Chadwick Boseman: I didn't quite know what to expect. I heard it was a lot of people, but when you see it —
PS: Could you see it?
CB: Yeah the lights won't allow you to see it all, but you definitely hear it. It's a powerful thing to see and hear people screaming your name and the character's name. Part of it is that I sort of stay removed from it. I went to the theaters to watch it.
PS: Did people know you were there?
CB: No. I snuck in. But you see that sense of responsibility after the fact that people have taken it home. Some people have seen the movie more than one time.

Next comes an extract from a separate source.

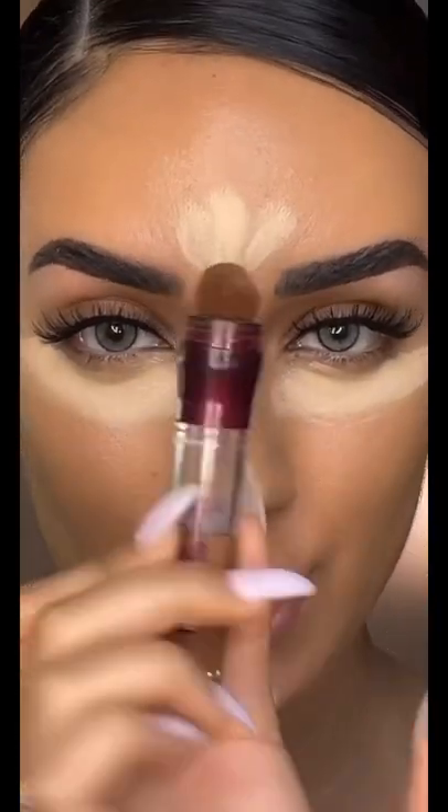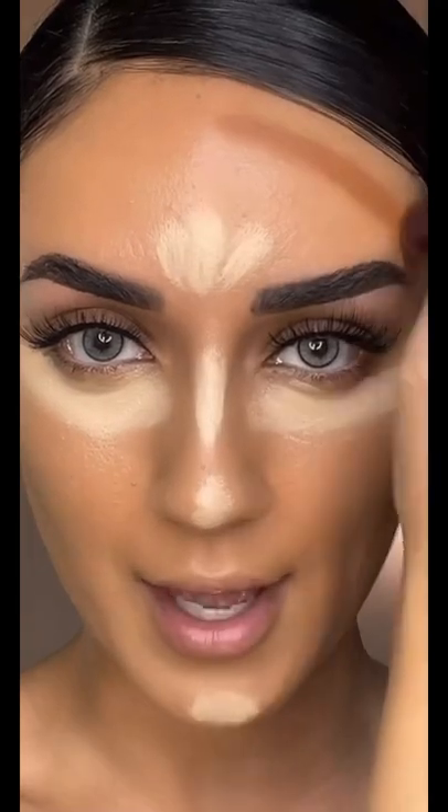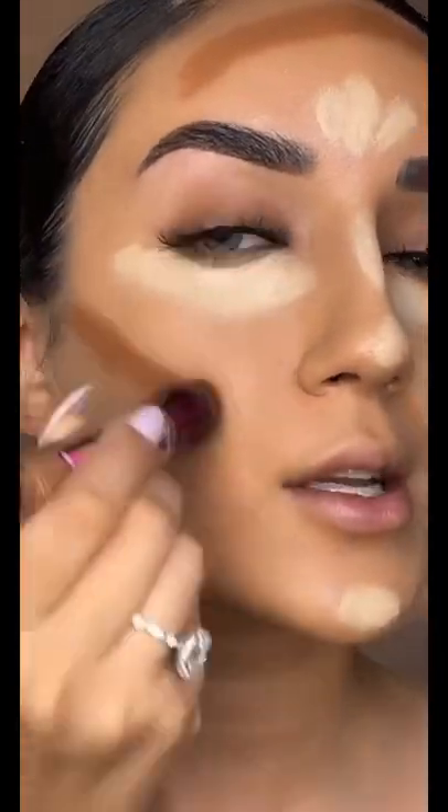Maybelline Adrienne One Concealer to highlight. Taking the same concealer but a darker shade, I'm going to go ahead and contour. I like to apply it on my forehead like this, my cheeks, and also my lips.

I think the biggest thing yesterday was seeing the little kids with the masks on, and having their parents say "Tell him, tell him!" And they'll say something like, "You're my favorite character!" And it's not just black kids, it's white kids, Latino kids, Asian kids.
PS: So you've been able to connect with fans here at Comic-Con?

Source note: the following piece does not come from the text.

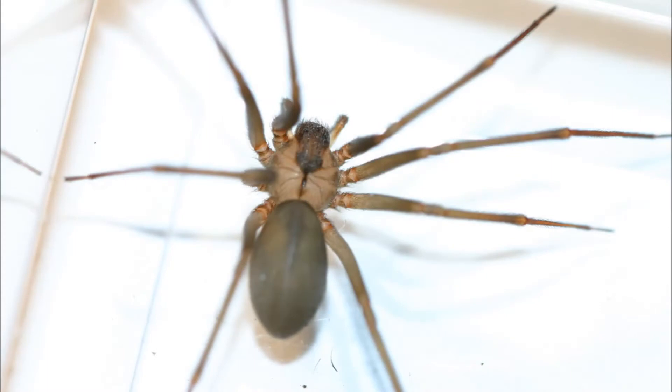What exactly is a brown recluse? It's one of the members of the Loxosceles genus of spiders, specifically Loxosceles reclusa.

CB: Yeah, I feel like that's even more than the big response, it's those little interactions.
PS: Can you talk about what it was like on the Civil War set? Who was your favorite to work with?
CB: I showed up, and my first day I wasn't even working, I was just watching them do the scene where they're deciding whether or not they're going to sign up to allow themselves to be controlled. It was [Robert] Downey [Jr.], Don Cheadle, [Anthony] Mackie, Scarlett [Johansson], Paul Bettany – they're all in the same room – and it was like, "Wow, I'm gonna be in that in a couple days." You want to be in that place as an actor where you're with other actors like them. As far as fun, I think Downey is fun to watch, because he changes his performance so much from take to take. Mackie is a lot of energy as well, but everybody is so focused, everybody is at the top of their game.
PS: When it comes to your costume, are there any specific nods to your character that you think are interesting?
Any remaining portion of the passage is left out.